The Magic of the Unexpected

28 Sep

As strange as it may sound, food can be magical. Even though scientifically it is nothing more than chemicals reacting with each other, sometimes things appear amazing all the same. How is this possible?

When people can’t understand how something is possible, they often attribute it to magic. In the case of the “gastronomers” in Tanizaki’s Gourmet Club, they cannot fathom how such ordinary-looking food can taste as it does, such as how the bok choy can seemingly switch from being vegetables to human fingers and back again. It is unbelievable that such a thing could be possible, so they just describe it as magical.

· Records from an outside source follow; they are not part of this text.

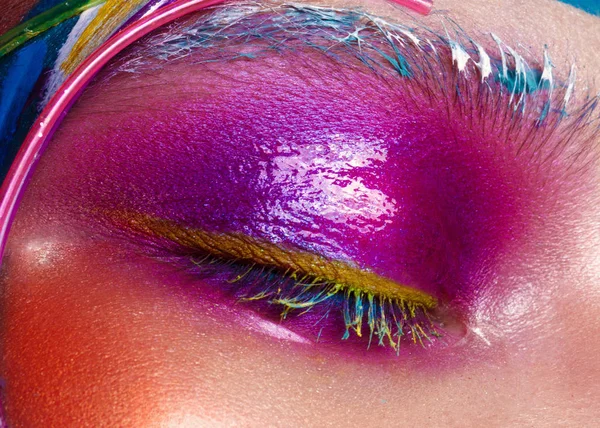 Close-up van creatieve make-up in pop-art stijl. Schoonheid gezicht. — Stockfoto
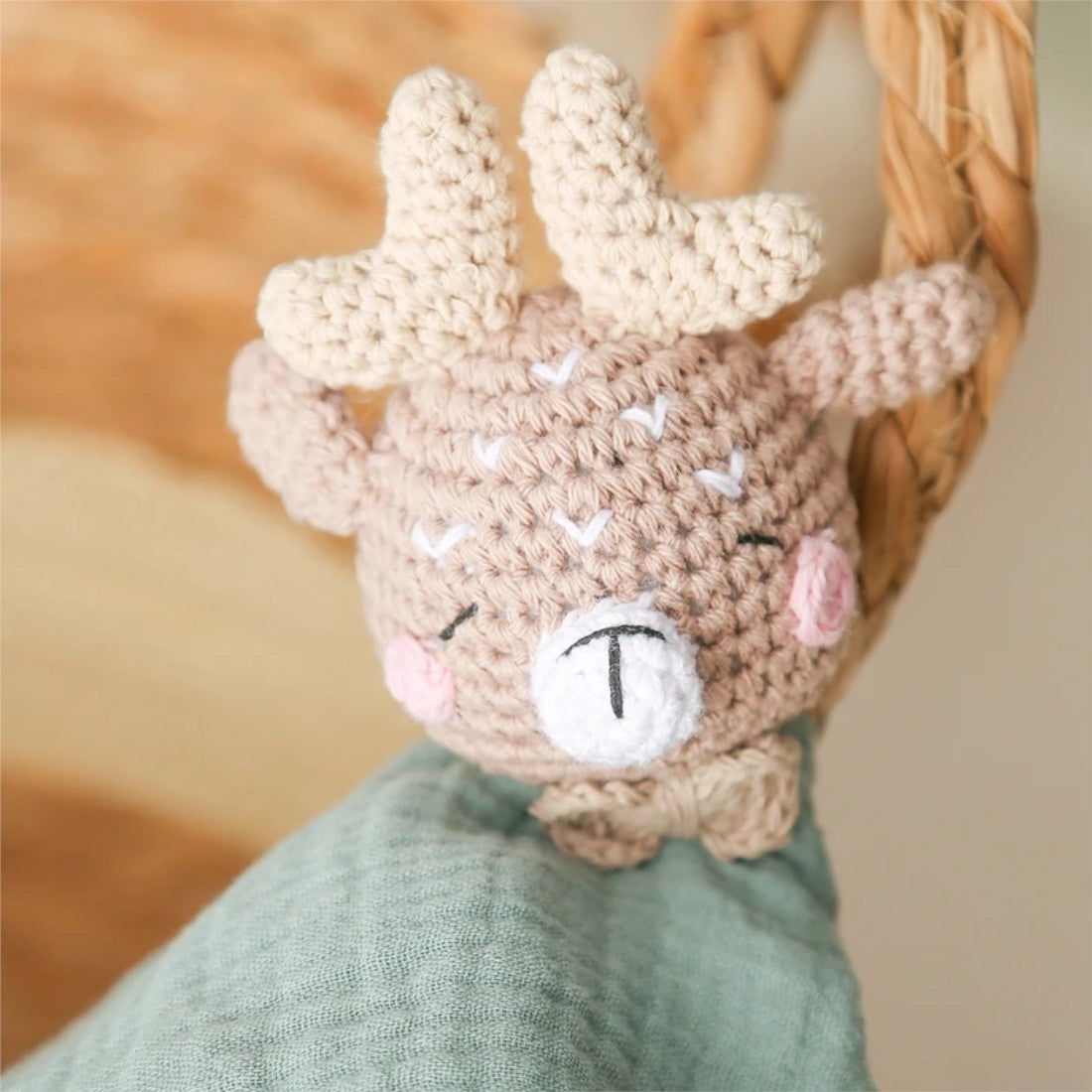 Doudou peluche testa cervo all'uncinetto per neonati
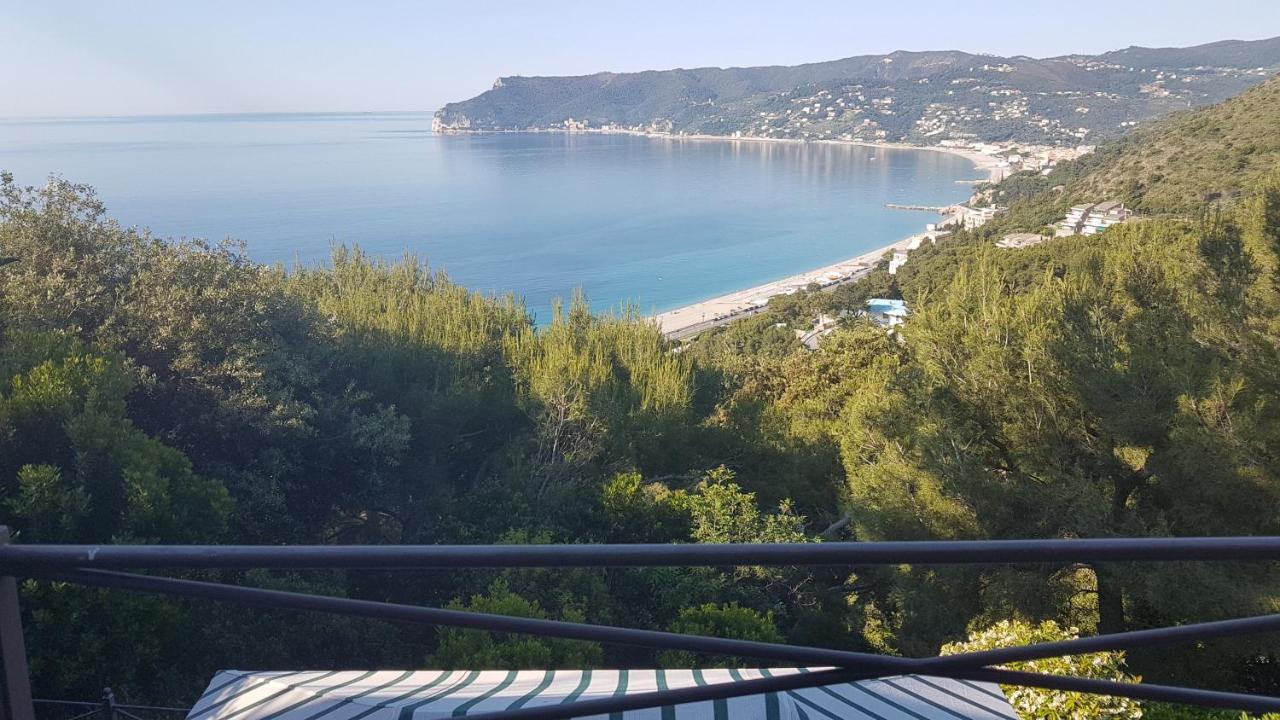 Le Terre Del Drago Apartment Bergeggi Luaran gambar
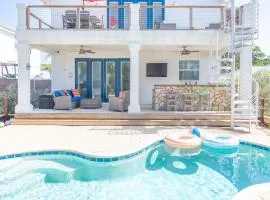 4BD 3BR Pool Paradise 1 mile from Beach & Downtown
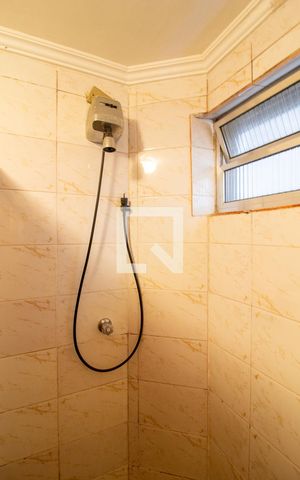 Apartamento à venda com 100m², 2 quartos e 2 vagasDetalhe do Banheiro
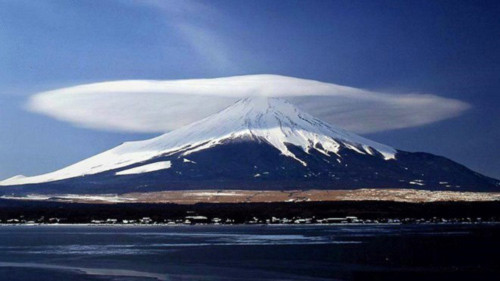Thú vị hình ảnh núi Phú Sĩ "đội nón" - 2
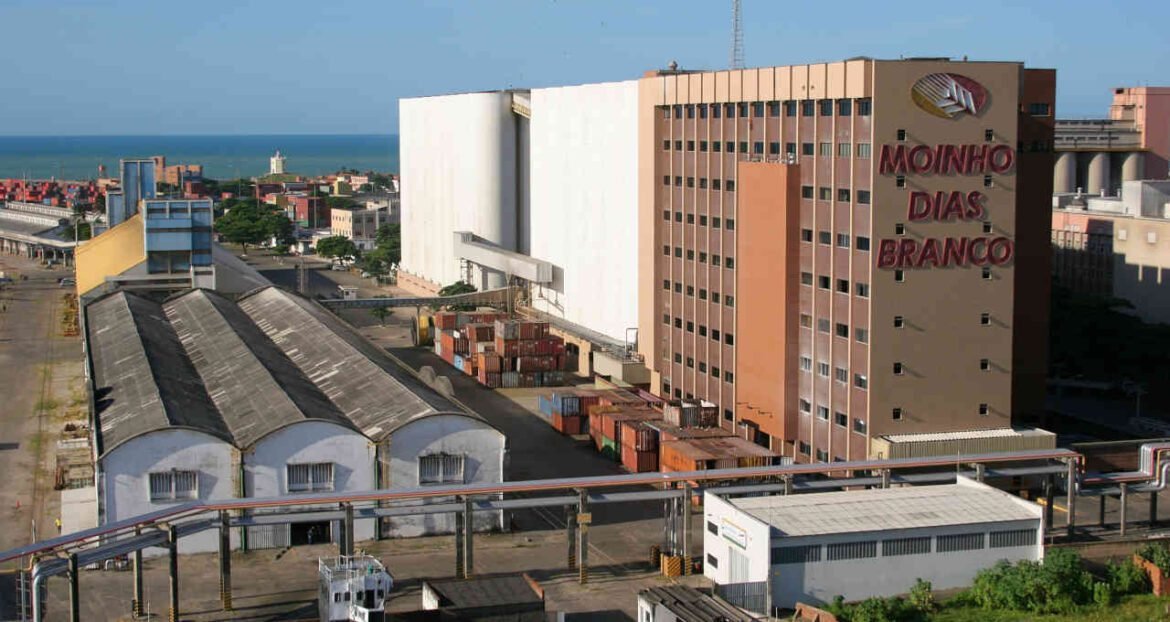 Santander adota postura cautelosa frente à disputa de preços no setor de massas.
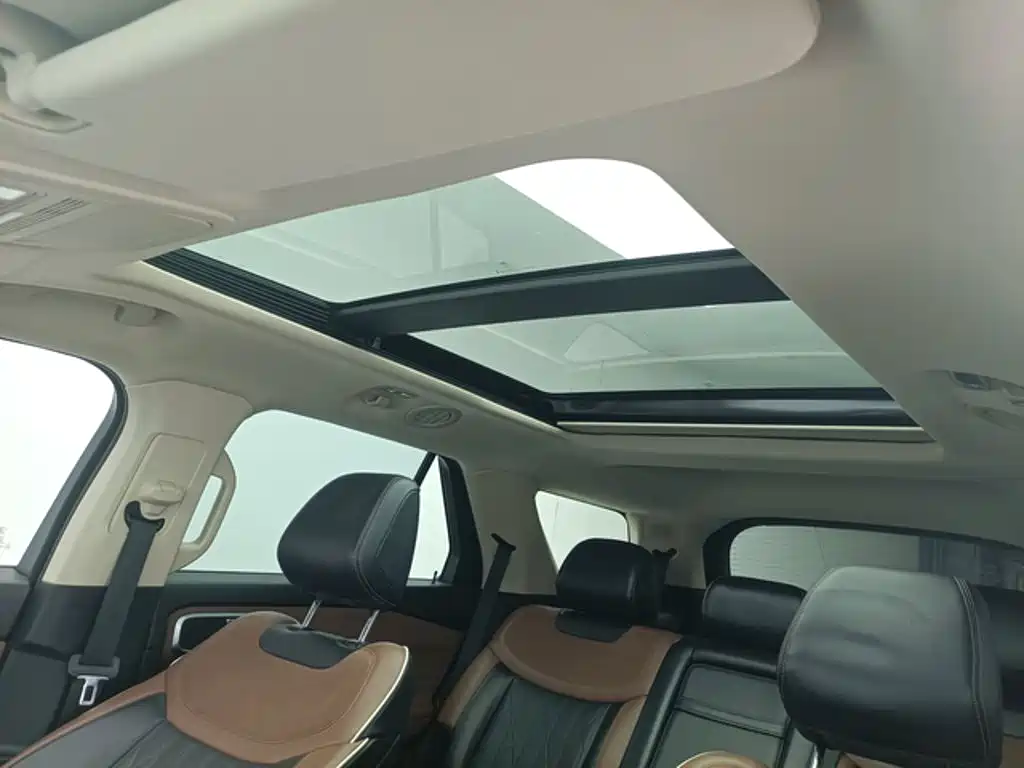 Ford Explorer — миниатюра 6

Such a thing has happened to me before. During one of my trips to China, I came across a unique dish that translated into English is roughly “stinky tofu.” It was very stinky, to say the least. If I had to compare it to something, I’d say it smelled like manure, literally. After much goading, I tried it, and to my utter amazement, it actually tasted good! It was shocking to me that something that had such a repulsive odor could have such a savory flavor. I couldn’t think of a way to explain it, and thus could only describe it as a magical food, that could taste good despite smelling bad.

In my opinion, this kind of thing is common with Chinese food, at least from the eyes of the West. They use exotic ingredients, such as gall bladder of snake or lichen. With such strange ingredients, they can still make things that taste unexplainably amazing.